▸ EXERCISE DESCRIPTION
Transcribe only the stretch of lines that opens with the line containing "Profile Picture of" and closes with the last line of the listing, skipping pictures.

*****

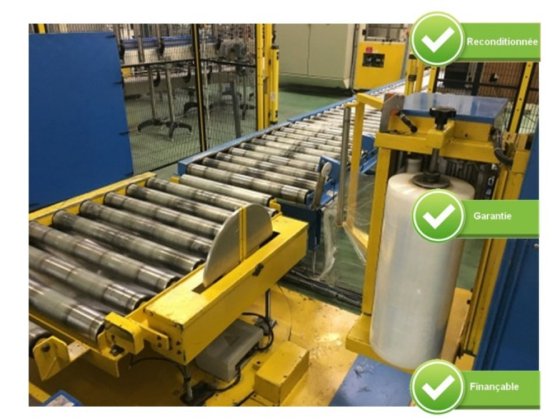 撮影機 アメカ メジャーMID - C2490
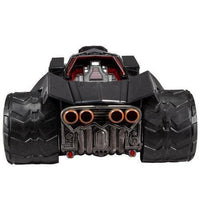 McFarlane Toys DC Multiverse Batman Vehicle - Select Vehicle(s) - The Mage's Emporium ToyShnip Shopify Collective ToyShnip Used English Toys & Games Japanese Style Comic Book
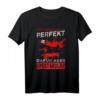 Fußball Trainingsanzug für Kinder & Jungen - Spektakuläres Fußball T-Shirt für Training & Mannschaften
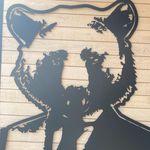 Profile Picture of Barry Gregg (@bggdadio) on Instagram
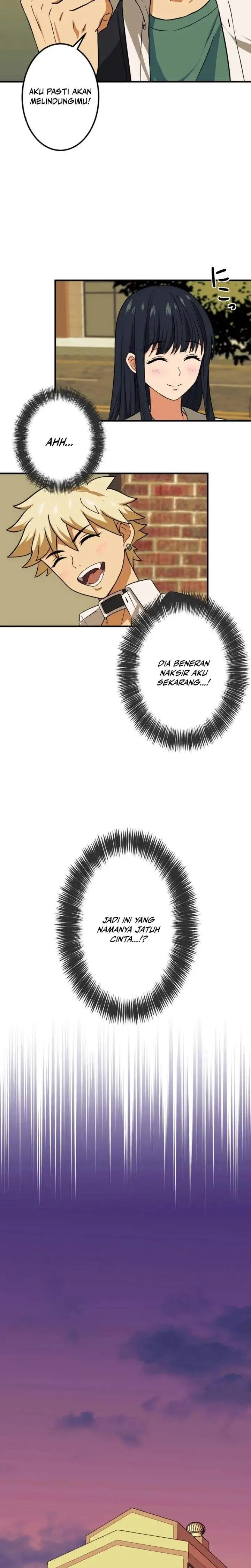 image-komik-criminal-transfer-student-chapter-8-20/33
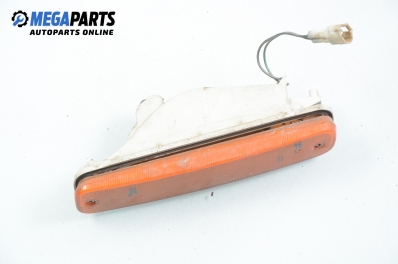 Blinker for Subaru Impreza 1.6 AWD, 90 hp, station wagon, 1997, position: left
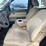 2009-ford-f150-image-10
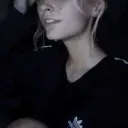 Liability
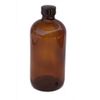 Natural Selection Bath and Body Patchouli Reed Diffuser 4 oz Refill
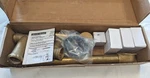 American Standard 1583470.295 Universal Bathtub Drain Satin Nickel. Fixed Price $99.00.
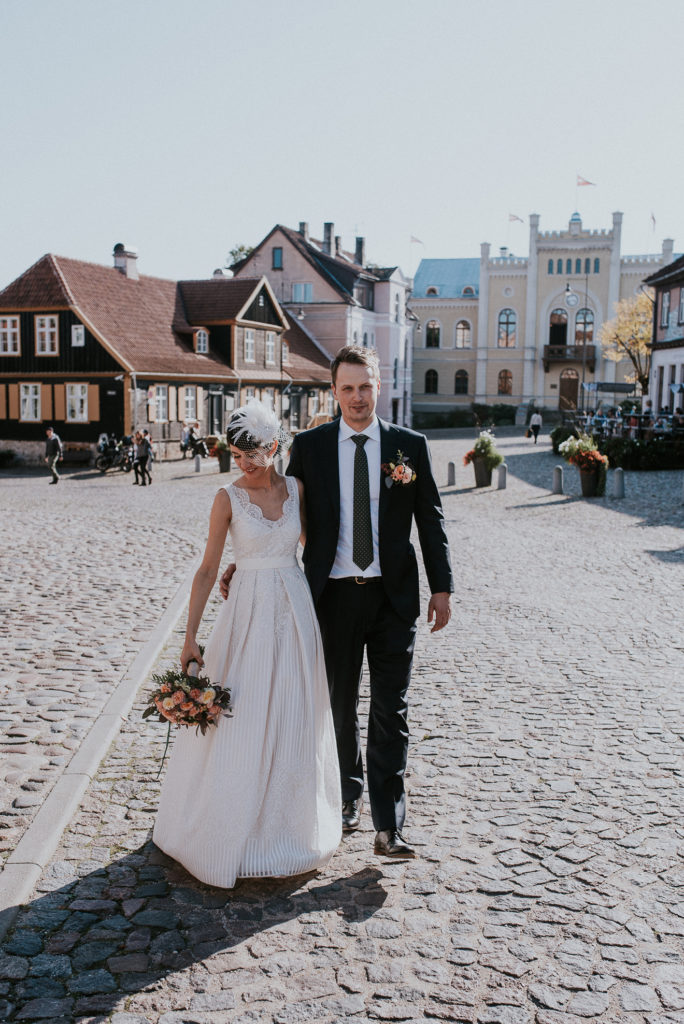 elina-kristaps-109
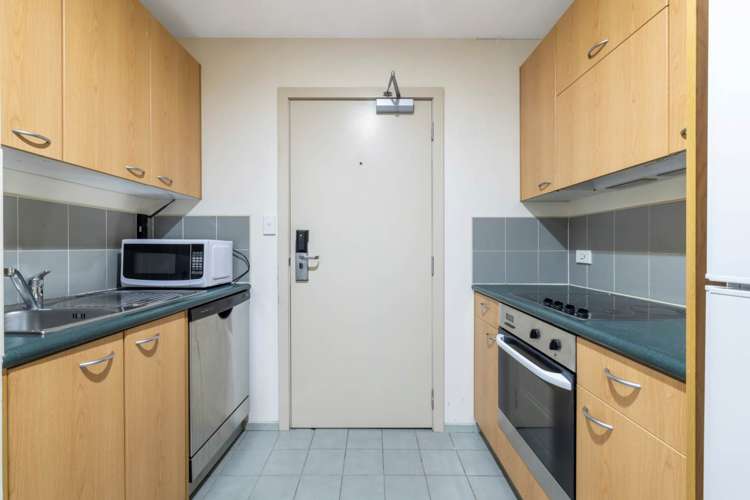 10h/13 Mount Street Auckland Central_6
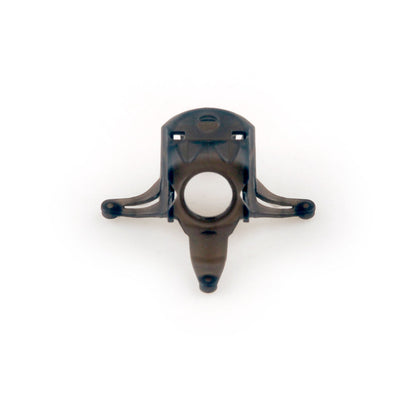 Canopy HappyModel for Mobula7 O4
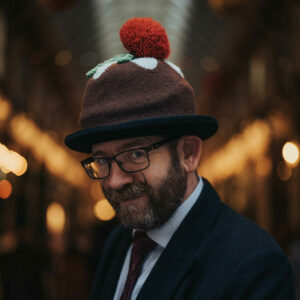 D·Moment Workshops 2025:<br><small>4-Day Photography Workshop in London</small>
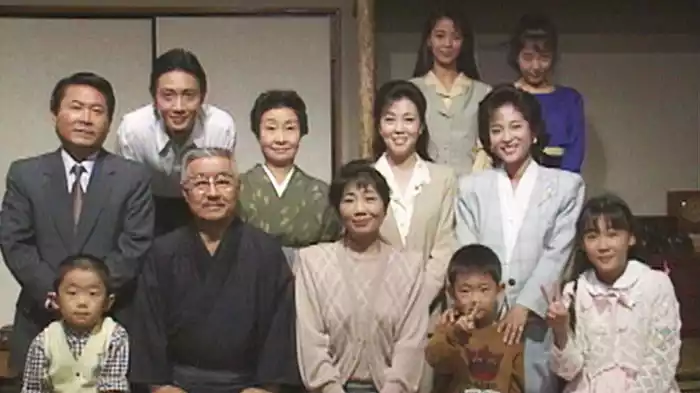 第一回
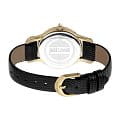 Just Cavalli JC1L125L0025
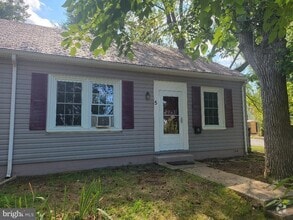 Building Photo - 1430 Franklin St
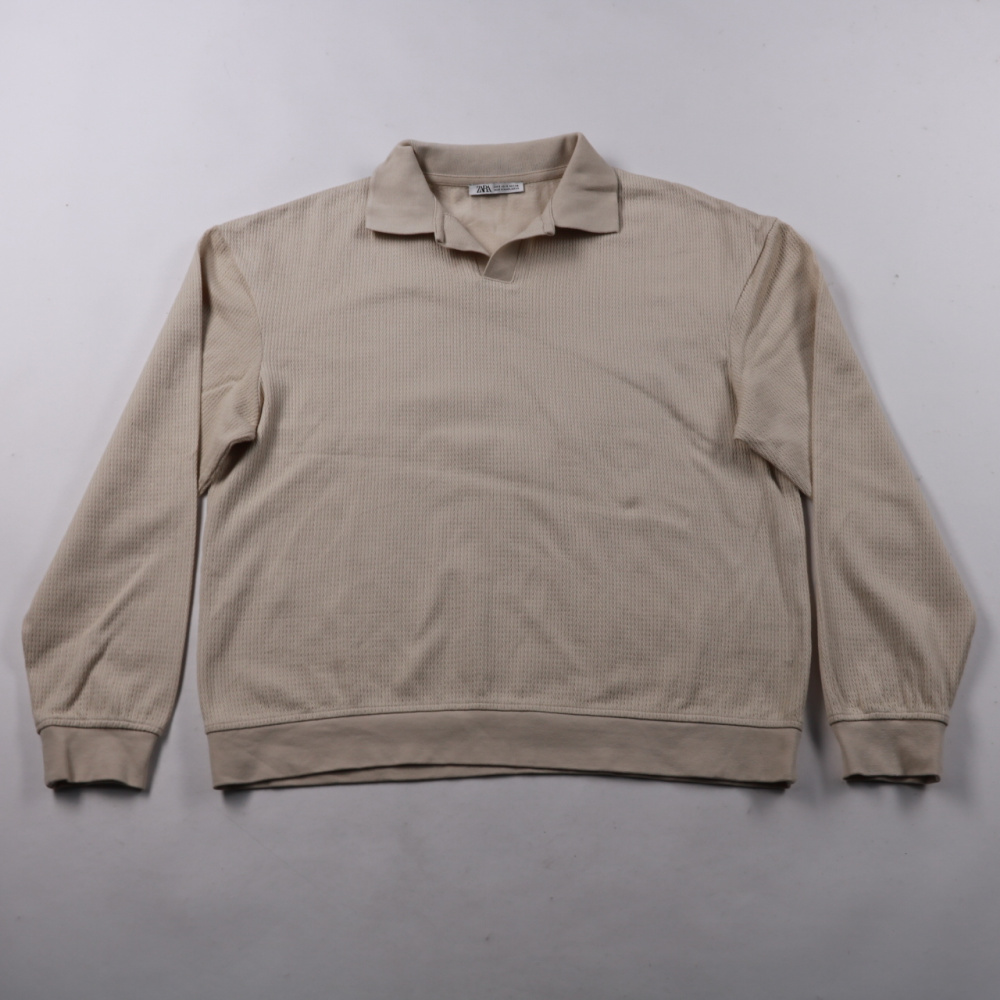 250715167-1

*****

▸ RESPONSE TO THIS TASK
 Profile Picture of Barry Gregg (@bggdadio) on Instagram
 image-komik-criminal-transfer-student-chapter-8-20/33
 Blinker for Subaru Impreza 1.6 AWD, 90 hp, station wagon, 1997, position: left
 2009-ford-f150-image-10
 Liability
 Natural Selection Bath and Body Patchouli Reed Diffuser 4 oz Refill
 American Standard 1583470.295 Universal Bathtub Drain Satin Nickel. Fixed Price $99.00.
 elina-kristaps-109
 10h/13 Mount Street Auckland Central_6
 Canopy HappyModel for Mobula7 O4
 D·Moment Workshops 2025:<br><small>4-Day Photography Workshop in London</small>
 第一回
 Just Cavalli JC1L125L0025
 Building Photo - 1430 Franklin St
 250715167-1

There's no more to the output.